Experts recommend having the equivalent of three times your annual salary in the bank by 40 if you plan to retire at 67 and live a similar lifestyle, according to a recent report by financial services company Fidelity.
That's up from the amount you should have socked away by 35, which is double your salary.
And that's a lot to have saved, especially considering that few Americans are on track to reach these goals. The median amount of retirement savings for working-age families in the U.S., those ages 32 to 61, is just $5,000. Additionally, 35 percent of all adults in the U.S. have only several hundred dollars in their savings accounts and 34 percent have zero, according to a 2016 GOBankingRates survey.
How do you get to triple your salary? Save as much as you can as early as you can. Fidelity recommends putting away 15 percent of your income per year starting at age 25 and investing more than 50 percent of your savings over your lifetime.

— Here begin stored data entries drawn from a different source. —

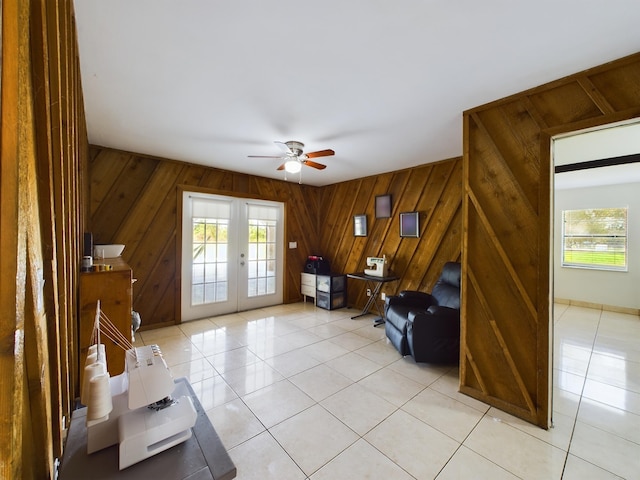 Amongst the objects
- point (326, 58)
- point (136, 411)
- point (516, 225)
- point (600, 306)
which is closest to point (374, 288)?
point (516, 225)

"The good news is that that 15 percent also includes any employer match," Ken Hevert, senior vice president of retirement at Fidelity, tells CNBC Make It. That means if you're eligible for a 5 percent match on your 401(k) plan and you contribute 5 percent of your salary to the account, you're already putting away 10 percent.
Three big factors determine if you're on track for retirement: amount, account and asset allocation. In addition to saving 15 percent of your income, you should be investing it back into the market. The easiest way to get started is to sign up for your employer's 401(k) plan and take full advantage of any company match, which essentially gives you free money.
Regardless of whether your employer offers a 401(k), you can contribute to a Roth IRA or traditional IRA, which are both individual retirement accounts that offer tax breaks.
In addition to saving and investing, you also want to create a diversified portfolio. "The purpose of diversification, ultimately, is that through different economic cycles and different policy cycles, some asset classes will perform better than others," Hevert says.
As the market swells and declines over the years, a mix of various types of investments will keep you from being at the mercy of how one specific stock, or kind of stock, is performing.
Accruing triple your annual income by 40 represents an ideal scenario, especially if you choose to divert savings to other goals, such as buying a home or having kids. But as a general rule, if you're aiming to save around 15 percent of your income — or as close as you can get — and invest it, "you're going to be in the right ballpark," Hevert says.
At the end of the day, how much you'll want to save for retirement will depend on the lifestyle that you want to maintain during your golden years. Do you want to travel? Pursue a hobby? Go back to school? "This is all about giving people the confidence that they're going to be able to maintain a desired lifestyle, while also putting themselves in the best position to not run out of money," Hevert says.